(Short descriptive text snippets)
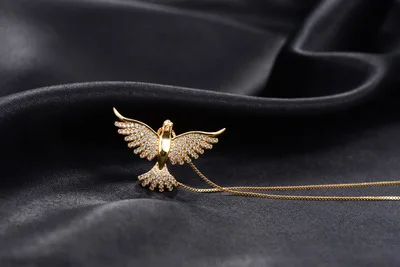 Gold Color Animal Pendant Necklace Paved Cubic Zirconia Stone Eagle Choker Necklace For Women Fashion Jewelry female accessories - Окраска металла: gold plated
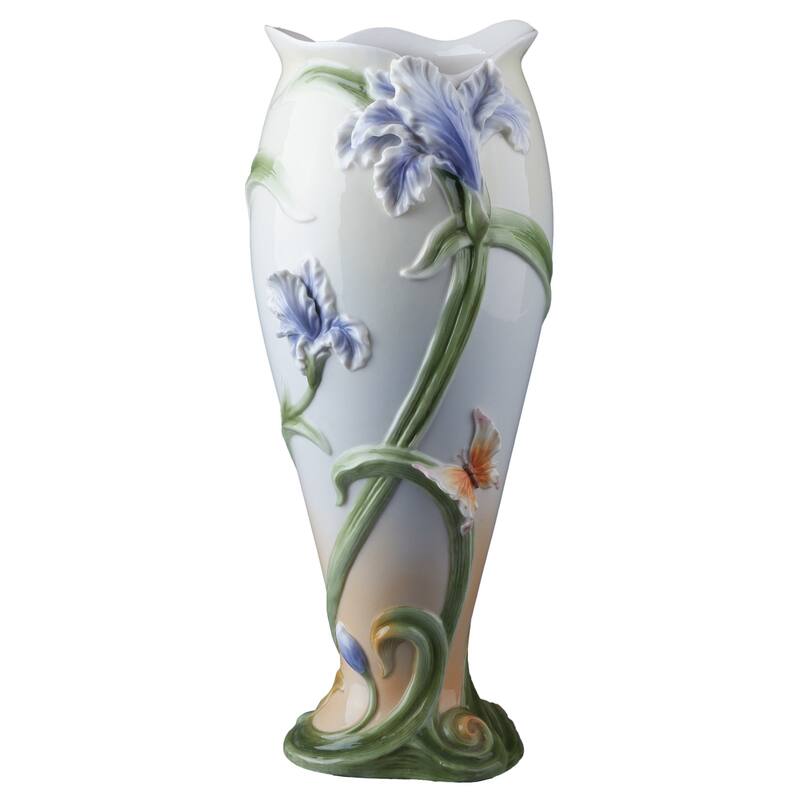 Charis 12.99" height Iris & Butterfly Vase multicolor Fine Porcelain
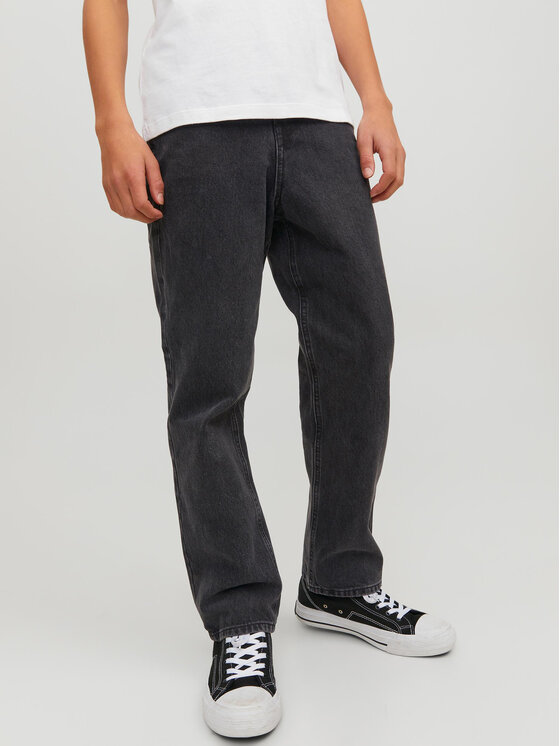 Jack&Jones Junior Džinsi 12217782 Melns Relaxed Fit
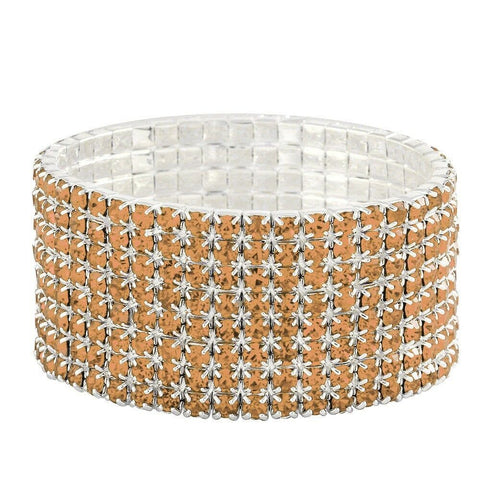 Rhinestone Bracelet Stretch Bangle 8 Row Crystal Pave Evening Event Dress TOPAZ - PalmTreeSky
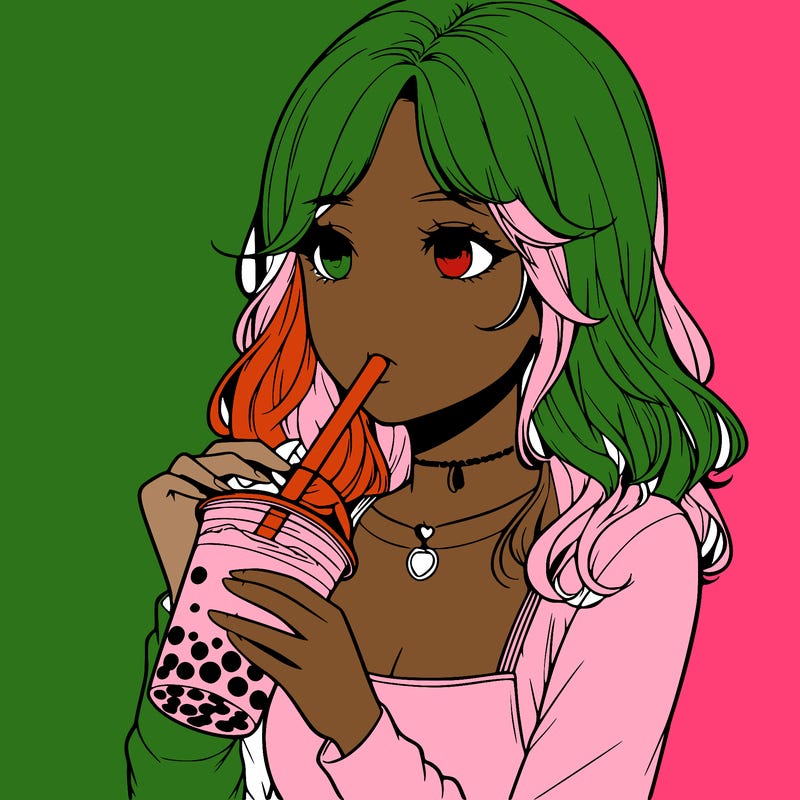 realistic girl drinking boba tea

(What the task asks) Each entry is to be returned as it stands, and each picture is to be left out.

(Result of this task)
 Gold Color Animal Pendant Necklace Paved Cubic Zirconia Stone Eagle Choker Necklace For Women Fashion Jewelry female accessories - Окраска металла: gold plated
 Charis 12.99" height Iris & Butterfly Vase multicolor Fine Porcelain
 Jack&Jones Junior Džinsi 12217782 Melns Relaxed Fit
 Rhinestone Bracelet Stretch Bangle 8 Row Crystal Pave Evening Event Dress TOPAZ - PalmTreeSky
 realistic girl drinking boba tea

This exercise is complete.